Method: We propose LiRA-TS, a time-series-adapted variant of Likelihood Ratio Attack, and DTS (Deep Time Series), an end-to-end MIA framework tailored to forecasting architectures. Experiments are conducted on TUH-EEG and ELD datasets using mainstream models including LSTM and N-HiTS.
Contribution/Results: We establish the first dedicated privacy benchmark for time-series forecasting models. Results reveal that longer prediction horizons and smaller training cohorts substantially amplify privacy leakage. DTS achieves near-perfect (≈100%) accuracy in user-level membership inference—significantly outperforming adapted state-of-the-art classification-based MIA baselines. This work provides foundational risk characterization and standardized evaluation tools for trustworthy time-series AI.
📝 Abstract
Membership inference attacks (MIAs) aim to determine whether specific data were used to train a model. While extensively studied on classification models, their impact on time series forecasting remains largely unexplored. We address this gap by introducing two new attacks: (i) an adaptation of multivariate LiRA, a state-of-the-art MIA originally developed for classification models, to the time-series forecasting setting, and (ii) a novel end-to-end learning approach called Deep Time Series (DTS) attack. We benchmark these methods against adapted versions of other leading attacks from the classification setting.

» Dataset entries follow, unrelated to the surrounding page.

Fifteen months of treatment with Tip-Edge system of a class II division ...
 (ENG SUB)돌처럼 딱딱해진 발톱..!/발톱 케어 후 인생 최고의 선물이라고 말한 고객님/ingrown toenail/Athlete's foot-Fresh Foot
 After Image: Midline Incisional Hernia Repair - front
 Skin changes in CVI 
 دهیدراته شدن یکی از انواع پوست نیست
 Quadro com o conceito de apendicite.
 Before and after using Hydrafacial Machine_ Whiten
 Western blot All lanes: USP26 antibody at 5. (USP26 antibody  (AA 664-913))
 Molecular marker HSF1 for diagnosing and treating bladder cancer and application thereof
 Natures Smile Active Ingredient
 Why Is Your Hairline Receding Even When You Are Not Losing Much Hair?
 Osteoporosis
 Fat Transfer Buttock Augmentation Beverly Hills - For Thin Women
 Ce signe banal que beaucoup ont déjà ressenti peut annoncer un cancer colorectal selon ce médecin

We evaluate all attacks in realistic settings on the TUH-EEG and ELD datasets, targeting two strong forecasting architectures, LSTM and the state-of-the-art N-HiTS, under both record- and user-level threat models. Our results show that forecasting models are vulnerable, with user-level attacks often achieving perfect detection. The proposed methods achieve the strongest performance in several settings, establishing new baselines for privacy risk assessment in time series forecasting. Furthermore, vulnerability increases with longer prediction horizons and smaller training populations, echoing trends observed in large language models.